The sudden blow that comes from within in “The Crack-Up” refers to the realization of a gradual process of breaking down that takes place inside the individual.
External blows, those blows that come, or seem to come from outside, don't show their effects all at once. Internal blows, the ones that come from within, the products of the mind, are not felt until it's too late to do anything about them. When one eventually feels their effects, they induce a sense of finality, a sense that one will never be as good a man again.
The first kind of blow happens very quickly, whereas the other kind happens without your knowing it. But it is nonetheless realized suddenly. In other words, when you finally become aware that you're breaking down from within, it hits you hard in the face. This is the kind of crack-up that Fitzgerald has experienced in his own life.
Over time, he's come to feel increasingly isolated from those around him, from the things he used to enjoy. Whereas he was once quite gregarious, he studiously avoids other people whenever he can help it. Now that he's alone, Fitzgerald has become insulated from the ordinary cares of this world.
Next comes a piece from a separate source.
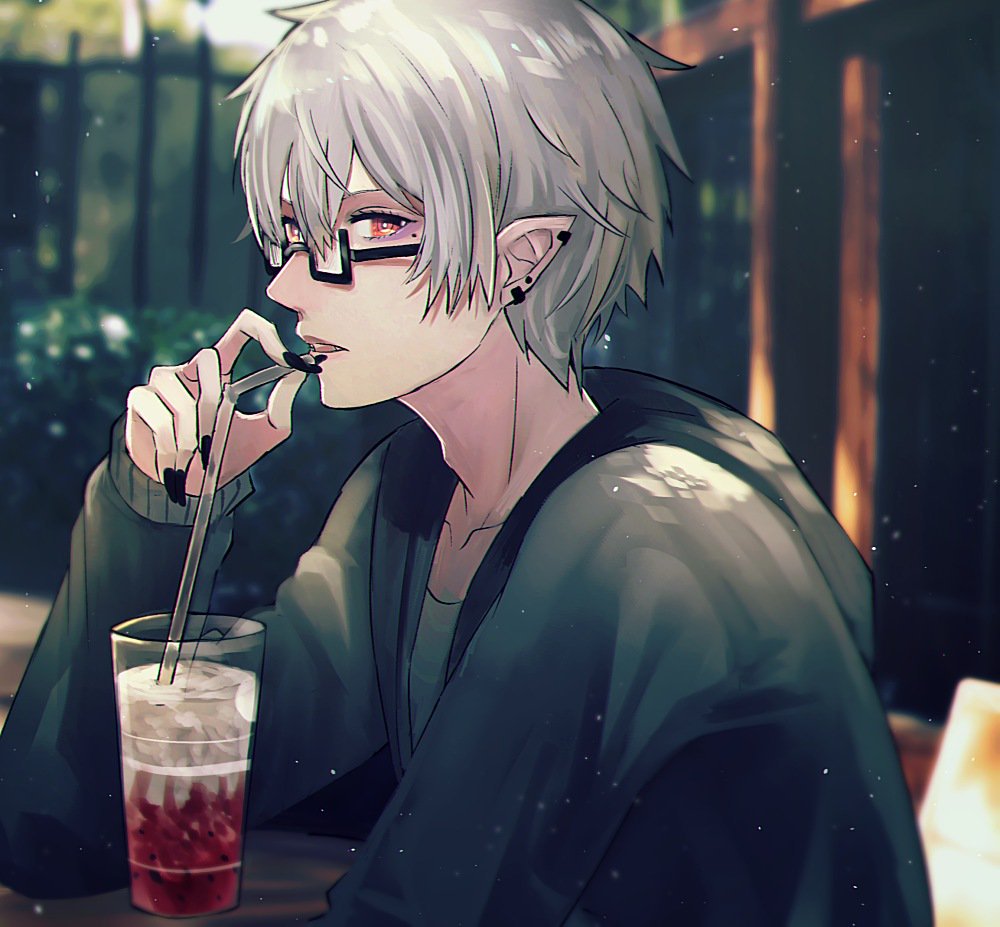 彩虹图集之葛叶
Although Fitzgerald speaks candidly of the realization of his cracking-up as being “not an unhappy time,” he readily confesses that the two years in which he was in this state involved a lack of direction and a loss of confidence in his independence.
In addition, he started hating people for no good reason and becoming bitter about trivial things such as the sound of the radio or advertisements in magazines. And for good measure, he found it difficult to sleep and hated the day because it went towards night.
Whatever Fitzgerald may say otherwise, it seems fairly obvious that his internal breakdown, or crack-up, was anything but a happy experience for him.